- _THE TASK_:
Please give again every entry exactly as it appears, setting aside the pictures.

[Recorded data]

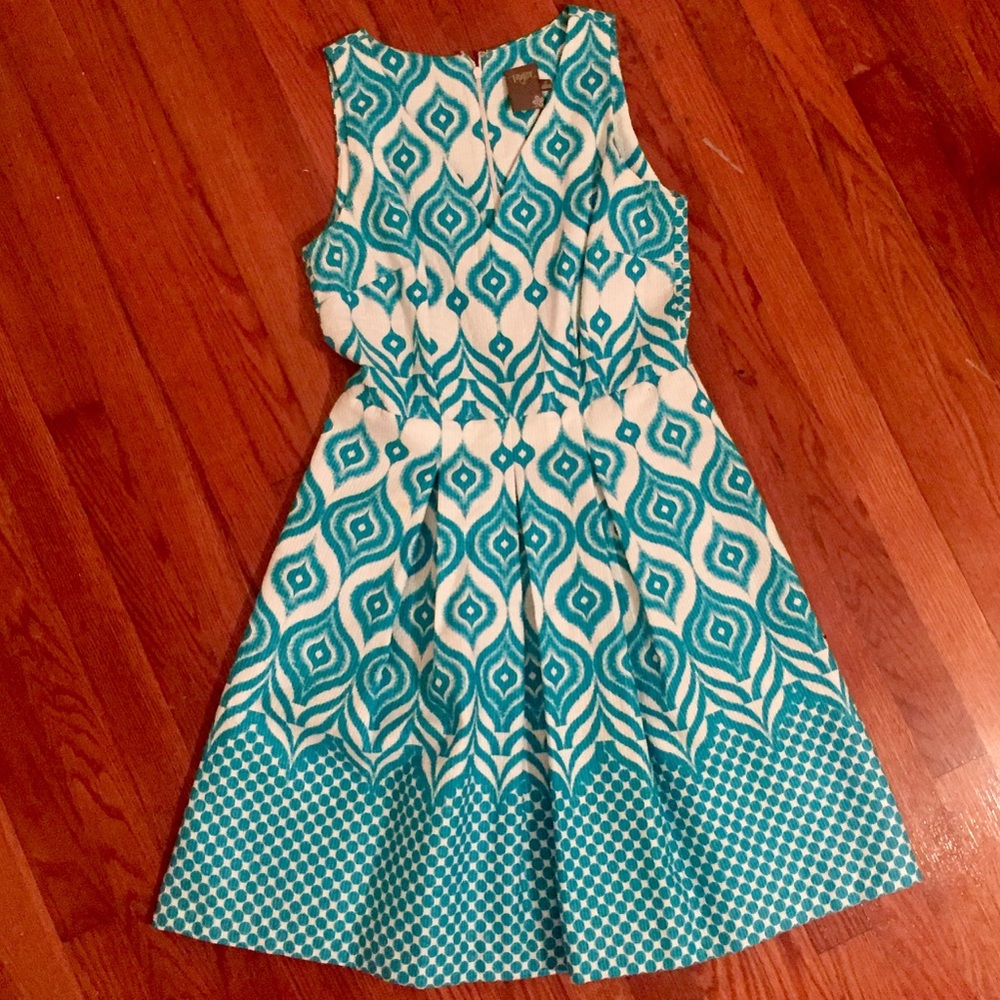 Taylor Turquoise-White Dress
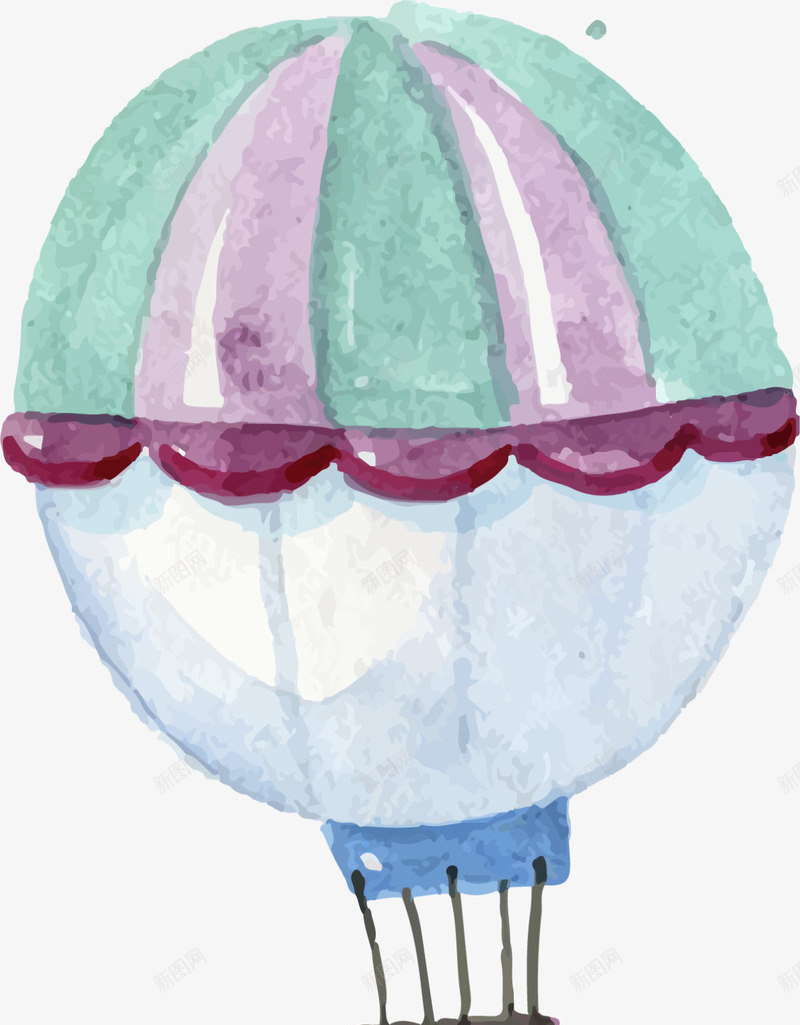 儿童手绘多彩热气球png免抠素材_88icon https://88icon.com 儿童手绘 多彩热气球 手绘热气球 水彩 画画 绘画
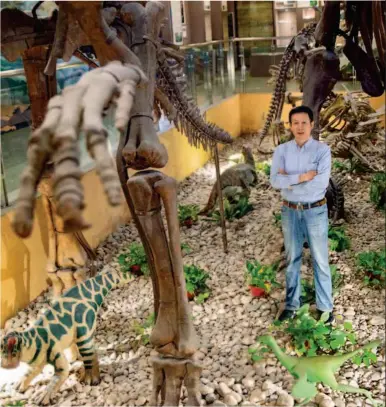  ??  ?? Xu Xing stands amidst replicas of dinosaur fossils at the Paleozoolo­gical Museum of China. na. Founded by the Institute of Vertebrate Paleontolo­gy and Paleoanthr­opology, the museum um houses fossils of various prehistori­c vertebrate­s including fish, amphibians, reptiles, birds ds and mammals, as well as Paleolithi­c specimens and replicas. by Chen Jian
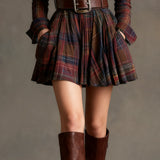 ZINNIA VINTAGE LAPEL RED AND BROWN PLAID MINI DRESS (INCLUDES BELT)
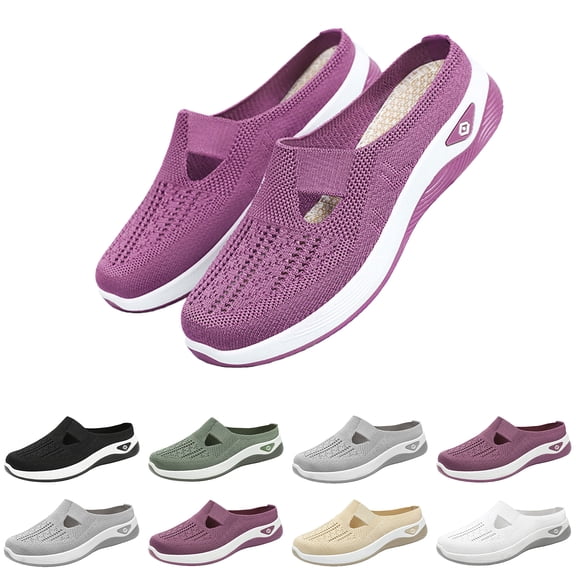 Havenx Orthopedic Woven Shoes for Women Slip on Summer Mesh Breathable Closed Toe Backless Slippers Comfortable Diabetic Wide Width Summer Nurse Footwear,Yellow 37(US-6.5)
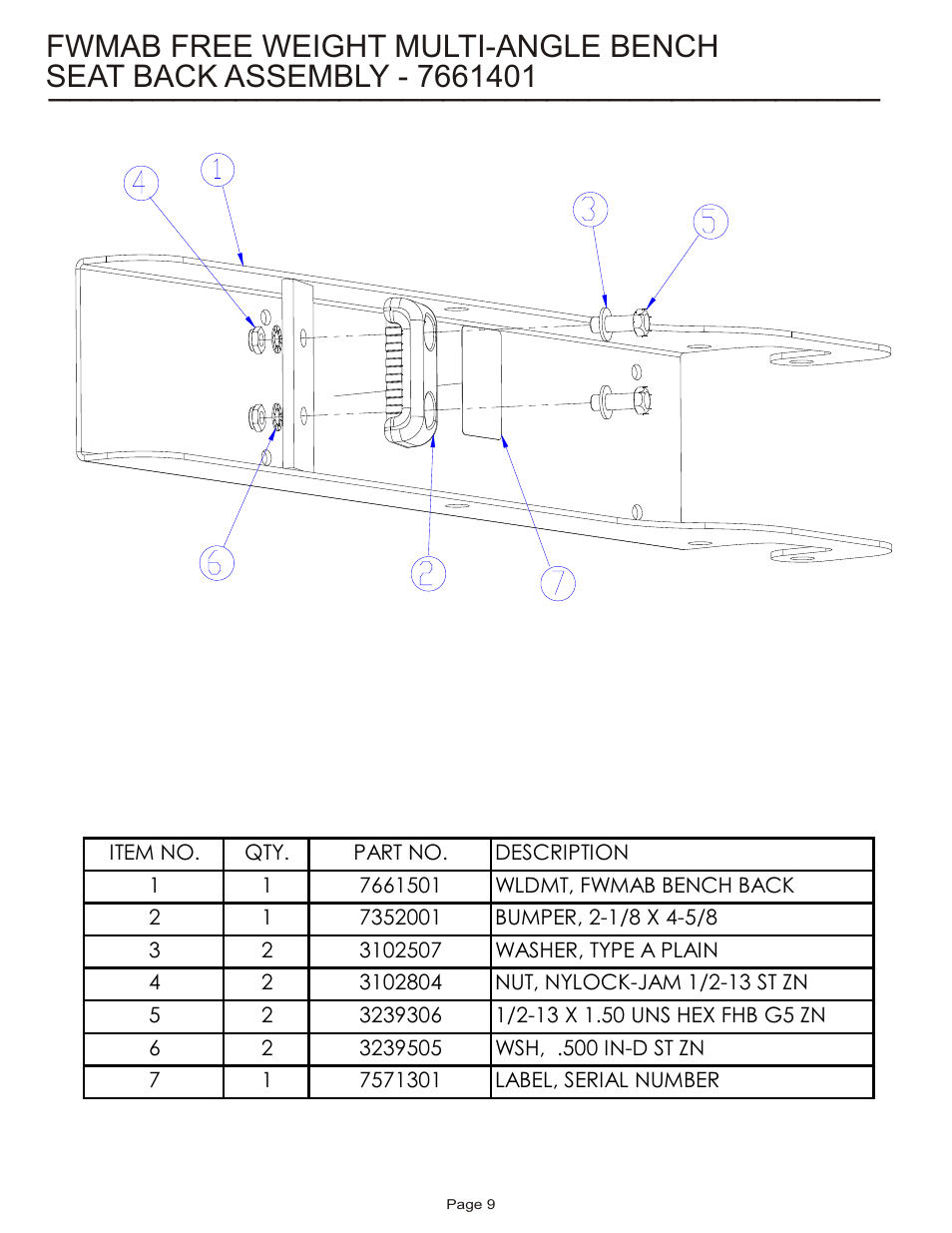 Life Fitness FWMAB User Manual | Page 9 / 9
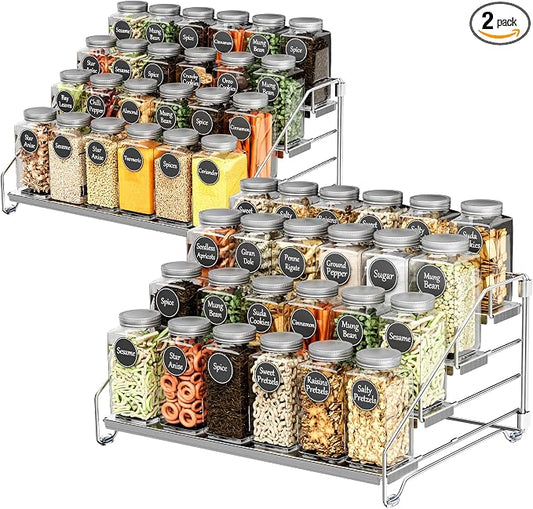 BOIVSHI Spice Organization for Cabinet, Adjustable Depth Spice Shelf | 4 Tiered Spice Rack for Cabinet, Metal Space Saving Spice Organizer for Countertop, Easy Access Spices - Chrome, 2 Pack by BOIVSHI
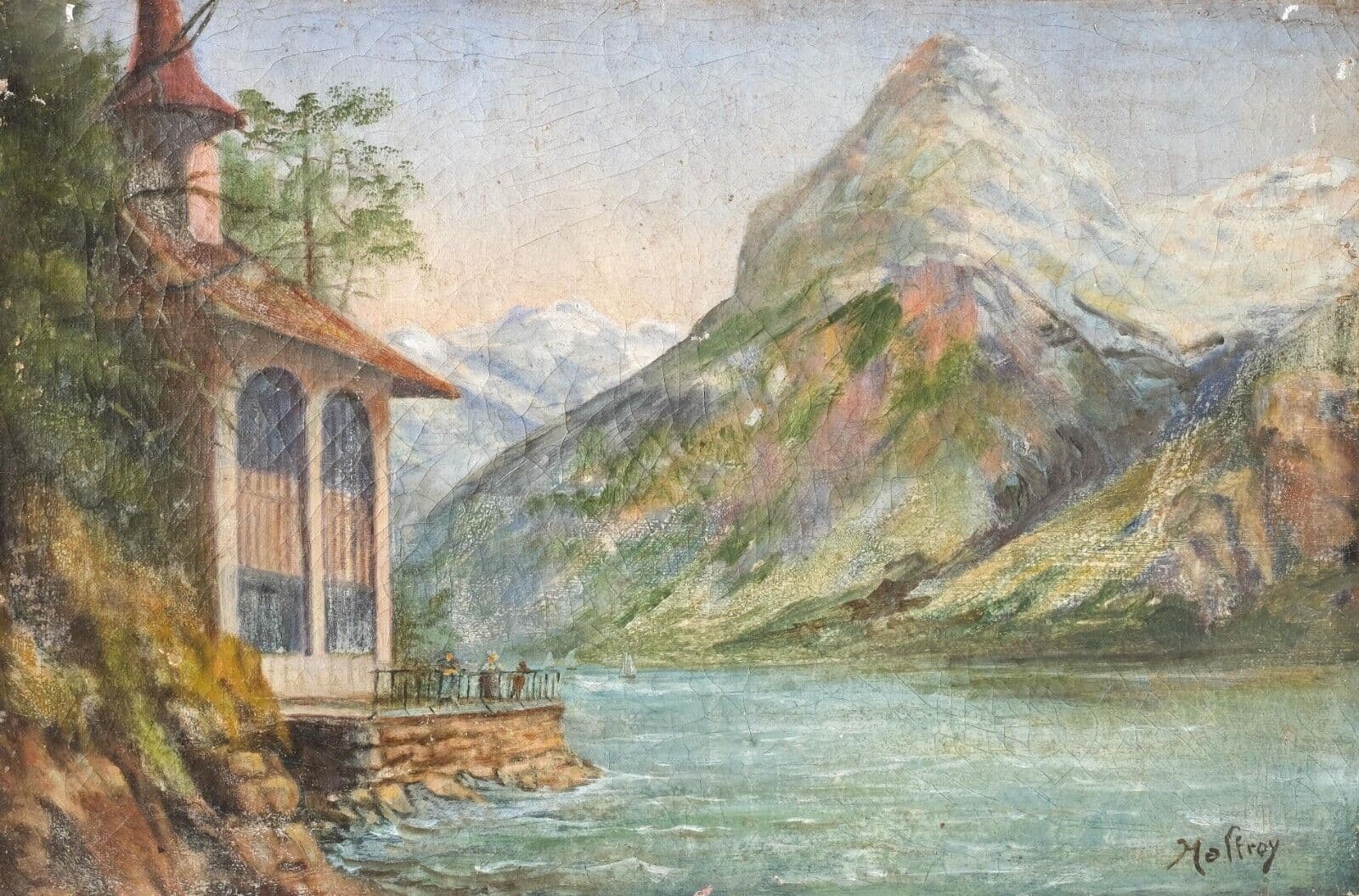 Antique Original Painting signed Mountain Landscape, Lake and Boat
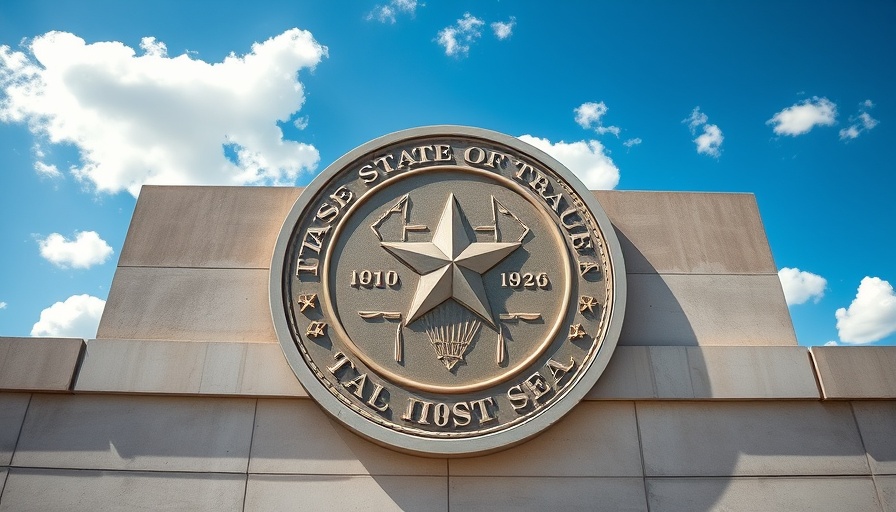 Texas State seal in Dallas sunlight, related to Dallas business news.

- _OUTPUT_:
 Taylor Turquoise-White Dress
 儿童手绘多彩热气球png免抠素材_88icon https://88icon.com 儿童手绘 多彩热气球 手绘热气球 水彩 画画 绘画
  ??  ?? Xu Xing stands amidst replicas of dinosaur fossils at the Paleozoolo­gical Museum of China. na. Founded by the Institute of Vertebrate Paleontolo­gy and Paleoanthr­opology, the museum um houses fossils of various prehistori­c vertebrate­s including fish, amphibians, reptiles, birds ds and mammals, as well as Paleolithi­c specimens and replicas. by Chen Jian
 ZINNIA VINTAGE LAPEL RED AND BROWN PLAID MINI DRESS (INCLUDES BELT)
 Havenx Orthopedic Woven Shoes for Women Slip on Summer Mesh Breathable Closed Toe Backless Slippers Comfortable Diabetic Wide Width Summer Nurse Footwear,Yellow 37(US-6.5)
 Life Fitness FWMAB User Manual | Page 9 / 9
 BOIVSHI Spice Organization for Cabinet, Adjustable Depth Spice Shelf | 4 Tiered Spice Rack for Cabinet, Metal Space Saving Spice Organizer for Countertop, Easy Access Spices - Chrome, 2 Pack by BOIVSHI
 Antique Original Painting signed Mountain Landscape, Lake and Boat
 Texas State seal in Dallas sunlight, related to Dallas business news.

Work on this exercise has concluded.